The US’s office buildings could take a lot longer to recover than the rest of the economy as workers continue to work from home even after the pandemic subsides.
In New York City, for example, it could take 10 years for properties to recover what they were worth in 2019, according to a study released in the National Bureau of Economic Research on Monday (Oct. 3).
The researchers, from New York and Columbia Universities, developed a pricing model that wraps in a variety of data, including remote job postings. Extrapolated to the whole country, their findings suggest US office real estate could lose 39% of its value in the long term, wiping out $453 billion.
Their analysis shows an already bleak picture. Office building occupancy rates went from 95% in February 2020, to 10% the following month. By mid-September they were still below 50%.
The study also looked at how much lease revenue dropped during roughly the same time period: by nearly 18% from January 2020 to May 2022, driven by a lack of new leases versus decreased rents. Indeed, over the past six months, the amount of newly leased office space collapsed to 59 million square feet from 253 million square feet per year before the pandemic.

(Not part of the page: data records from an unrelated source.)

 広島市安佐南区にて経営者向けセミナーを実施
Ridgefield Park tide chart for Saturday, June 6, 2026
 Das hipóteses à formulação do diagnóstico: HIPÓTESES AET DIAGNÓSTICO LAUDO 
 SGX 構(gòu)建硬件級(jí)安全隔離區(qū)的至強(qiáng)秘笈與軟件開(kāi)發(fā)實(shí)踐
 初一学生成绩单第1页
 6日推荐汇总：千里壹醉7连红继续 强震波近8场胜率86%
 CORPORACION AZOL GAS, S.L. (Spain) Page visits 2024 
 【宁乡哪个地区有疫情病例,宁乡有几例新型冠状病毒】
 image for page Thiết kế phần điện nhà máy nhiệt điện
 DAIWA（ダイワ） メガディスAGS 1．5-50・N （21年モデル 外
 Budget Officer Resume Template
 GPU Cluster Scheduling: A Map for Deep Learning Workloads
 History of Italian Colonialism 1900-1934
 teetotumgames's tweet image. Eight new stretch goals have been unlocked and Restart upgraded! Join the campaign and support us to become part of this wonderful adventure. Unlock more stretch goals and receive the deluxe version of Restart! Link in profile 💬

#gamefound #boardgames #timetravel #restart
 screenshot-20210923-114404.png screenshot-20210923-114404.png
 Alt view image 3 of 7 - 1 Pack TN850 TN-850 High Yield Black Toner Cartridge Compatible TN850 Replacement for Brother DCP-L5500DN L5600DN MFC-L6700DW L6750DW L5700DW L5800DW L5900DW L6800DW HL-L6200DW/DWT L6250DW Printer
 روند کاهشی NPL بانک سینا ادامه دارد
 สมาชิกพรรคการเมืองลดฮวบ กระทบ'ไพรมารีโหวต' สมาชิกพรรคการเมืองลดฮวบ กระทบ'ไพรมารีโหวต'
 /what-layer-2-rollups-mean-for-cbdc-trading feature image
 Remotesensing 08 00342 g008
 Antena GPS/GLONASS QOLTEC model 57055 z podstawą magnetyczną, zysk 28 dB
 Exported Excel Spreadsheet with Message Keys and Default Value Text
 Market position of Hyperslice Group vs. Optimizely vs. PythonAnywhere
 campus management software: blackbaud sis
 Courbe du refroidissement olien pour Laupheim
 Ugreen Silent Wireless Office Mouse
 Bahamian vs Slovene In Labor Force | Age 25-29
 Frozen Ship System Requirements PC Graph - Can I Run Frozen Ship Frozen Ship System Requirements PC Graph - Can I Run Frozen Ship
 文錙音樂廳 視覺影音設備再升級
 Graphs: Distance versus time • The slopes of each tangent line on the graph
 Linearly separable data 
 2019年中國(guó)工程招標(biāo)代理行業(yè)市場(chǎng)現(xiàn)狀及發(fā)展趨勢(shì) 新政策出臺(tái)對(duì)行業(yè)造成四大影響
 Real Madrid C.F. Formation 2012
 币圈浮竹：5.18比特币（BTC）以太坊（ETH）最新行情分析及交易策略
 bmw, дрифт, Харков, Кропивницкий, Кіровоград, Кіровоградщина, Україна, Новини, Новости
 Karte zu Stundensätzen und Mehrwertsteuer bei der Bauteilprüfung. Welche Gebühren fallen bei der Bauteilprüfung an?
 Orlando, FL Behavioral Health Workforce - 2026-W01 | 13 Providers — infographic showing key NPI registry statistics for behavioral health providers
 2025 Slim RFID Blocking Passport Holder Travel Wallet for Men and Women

How much office real estate declines in coming years will depend on the battle between employers and employees over the future of flexible work. If New York City employers push hard for a return to the office, office building valuations will be about 39% below 2019 levels in 2029, according to the study. If New Yorkers continue working from home at current rates, however, valuations would stay nearly 60% below 2019 levels even after 10 years.
“Our best guess balancing those two factors is a large decline in value, but with considerable uncertainty around the estimate,” said Arpit Gupta, a finance professor at NYU and one of the study’s co-authors.
The researchers found that newer buildings with more amenities had higher occupancy rates than older ones. Commercial tenants were more likely to demand more space and pay higher rents in these types of “A+ buildings.”
“The A+ result is something that surprised us,” Gupta said. “Seeing that it’s really the higher amenity space that appears to be holding up better, compared to the lower quality office space, it’s not something we had anticipated going into this.”
The finding suggests that companies should spruce up their office space if they want workers to return, the researchers wrote.
Local city governments are reliant on the property taxes. Letting the commercial real estate sector flail on its own could result in a “fiscal doom loop,” the researchers warned.
One idea to counter a prolonged depression is for governments to ease up on the zoning and permits required to convert commercial real estate into multifamily units.
“This kind of conversion is very appealing because it addresses both the issue of the declining value of commercial office demand, and also the pressures for affordable rents in these cities,” Gupta said. Part of the reason why rent and home prices have gone up is the work-from-home trend.
However, not many office buildings can be easily turned into apartments. For this reason, the researchers also recommend governments subsidize the conversion with public funding.